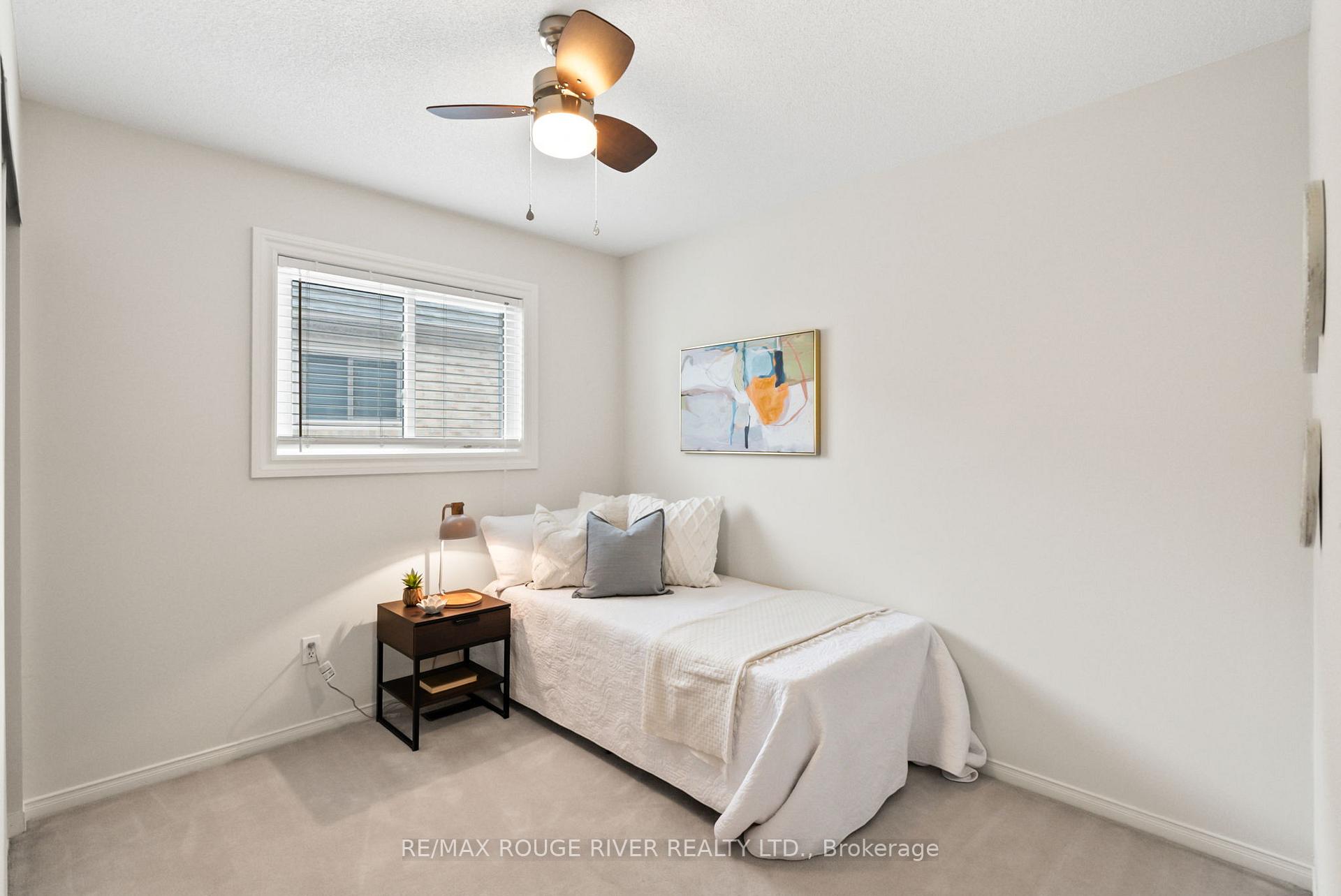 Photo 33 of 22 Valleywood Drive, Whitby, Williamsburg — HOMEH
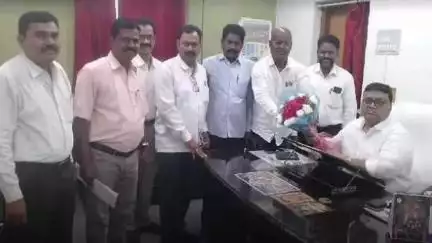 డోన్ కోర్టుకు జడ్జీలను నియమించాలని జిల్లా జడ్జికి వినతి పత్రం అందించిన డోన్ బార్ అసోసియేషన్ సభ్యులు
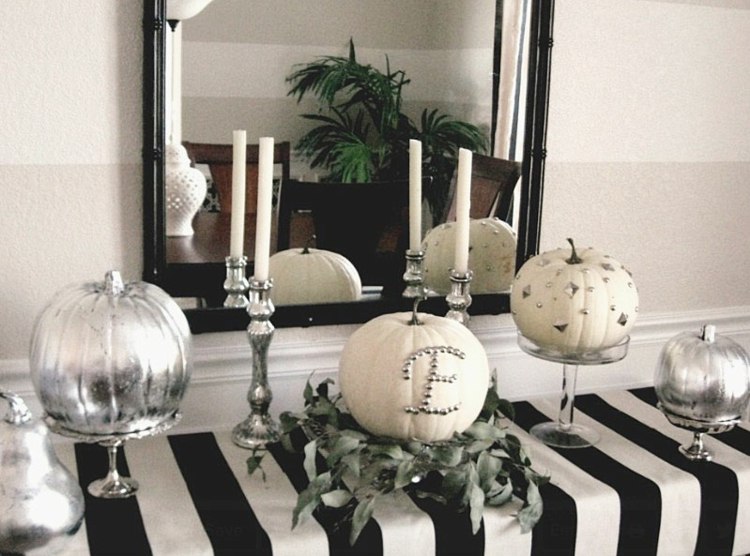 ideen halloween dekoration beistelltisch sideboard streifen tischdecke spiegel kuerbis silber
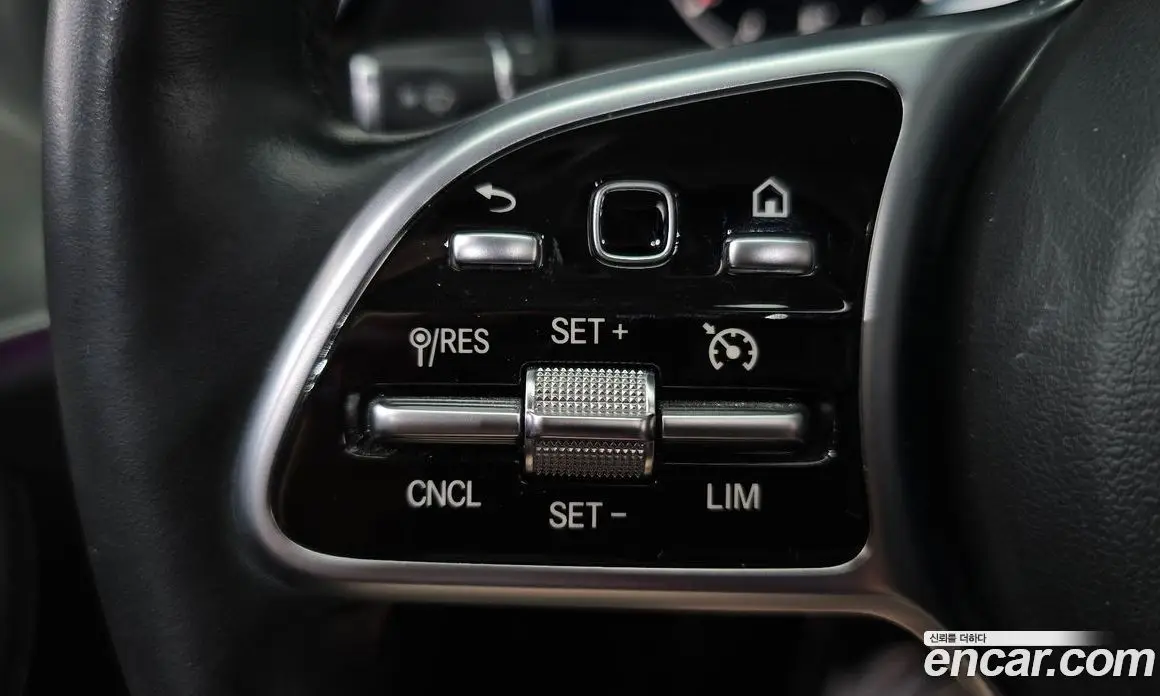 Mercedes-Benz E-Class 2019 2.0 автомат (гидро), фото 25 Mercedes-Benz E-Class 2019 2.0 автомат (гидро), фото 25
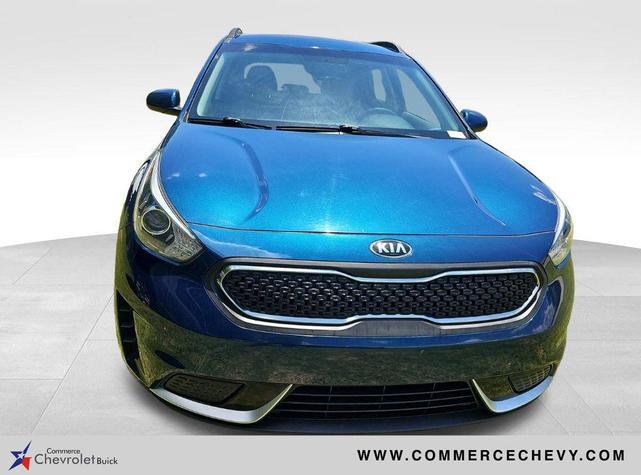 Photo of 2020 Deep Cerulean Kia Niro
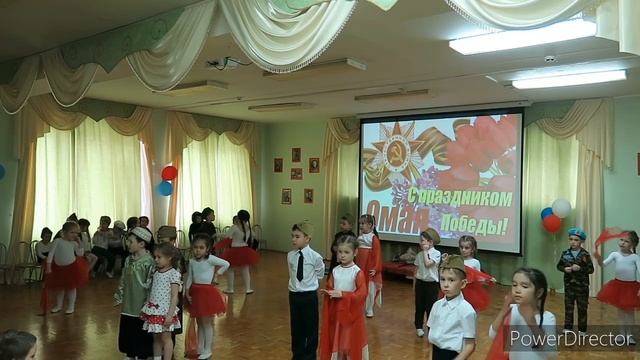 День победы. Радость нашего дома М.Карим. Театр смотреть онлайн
# # # # # # #
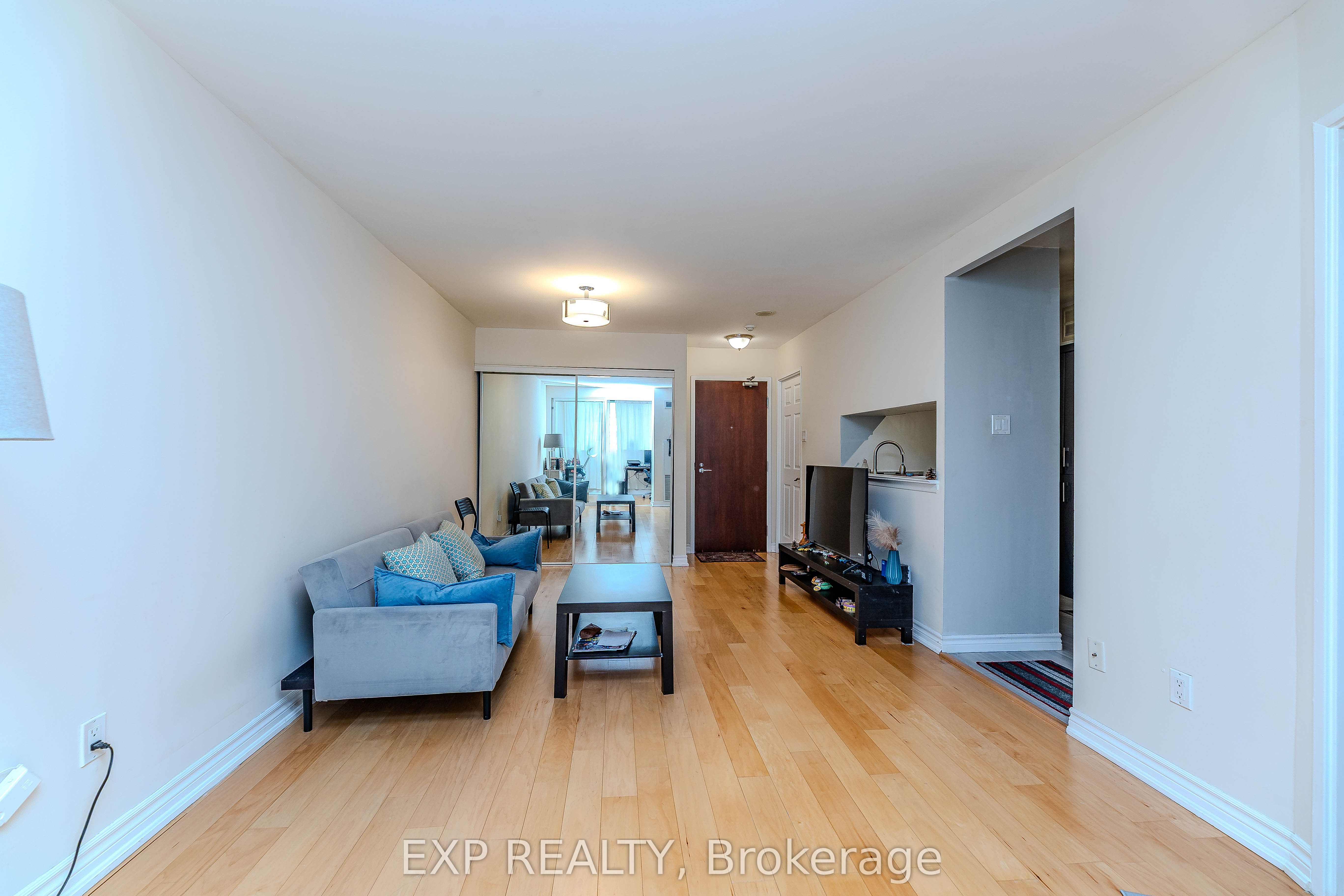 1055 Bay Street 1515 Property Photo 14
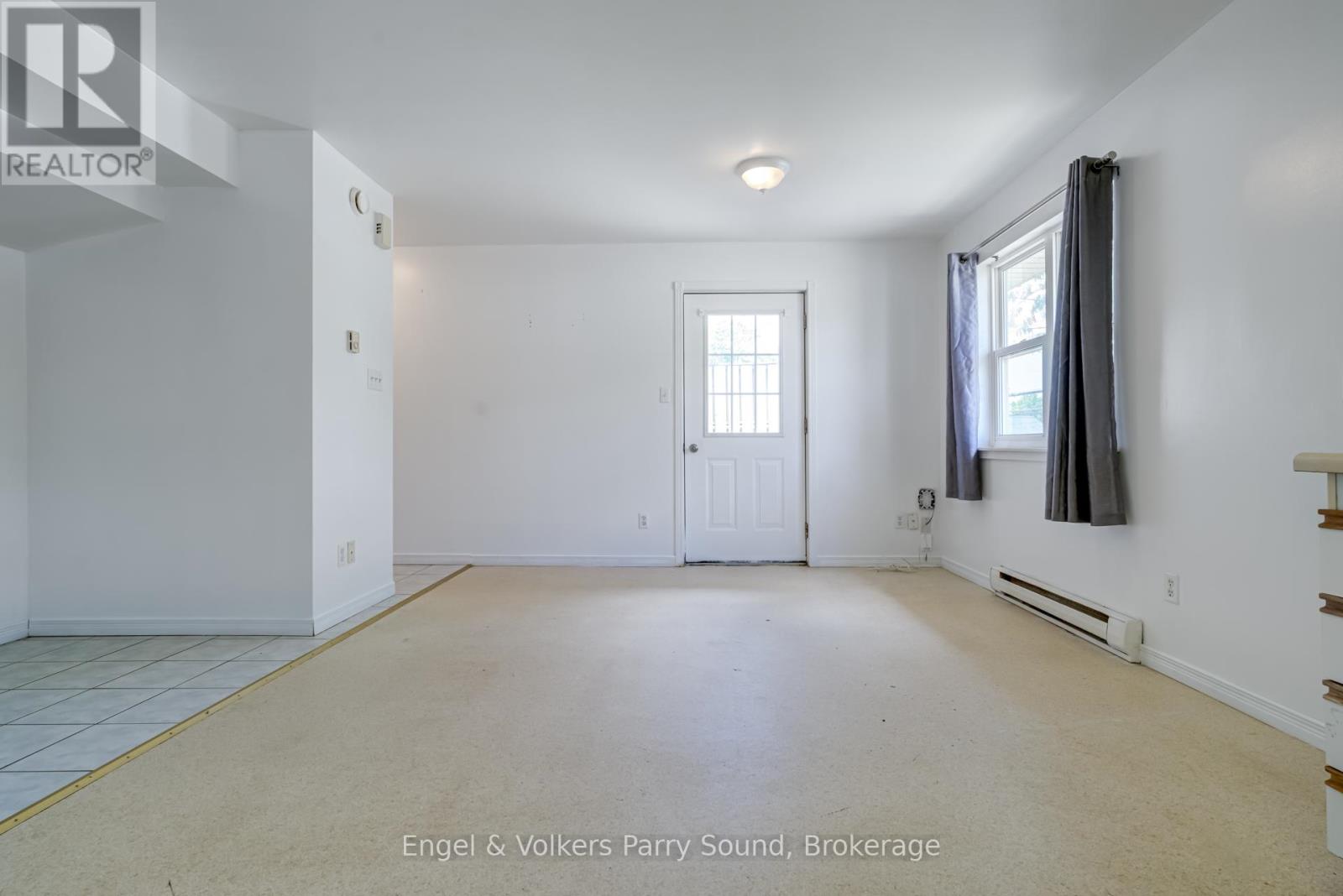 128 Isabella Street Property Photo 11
# # # # # # #
**Action item**
Here the job is to copy the listing above word for word, starting at the line with "Photo 33 of" and ending at the line with "День победы. Радость", and to leave out the pictures.

**Answer for the task**
 Photo 33 of 22 Valleywood Drive, Whitby, Williamsburg — HOMEH
 డోన్ కోర్టుకు జడ్జీలను నియమించాలని జిల్లా జడ్జికి వినతి పత్రం అందించిన డోన్ బార్ అసోసియేషన్ సభ్యులు
 ideen halloween dekoration beistelltisch sideboard streifen tischdecke spiegel kuerbis silber
 Mercedes-Benz E-Class 2019 2.0 автомат (гидро), фото 25 Mercedes-Benz E-Class 2019 2.0 автомат (гидро), фото 25
 Photo of 2020 Deep Cerulean Kia Niro
 День победы. Радость нашего дома М.Карим. Театр смотреть онлайн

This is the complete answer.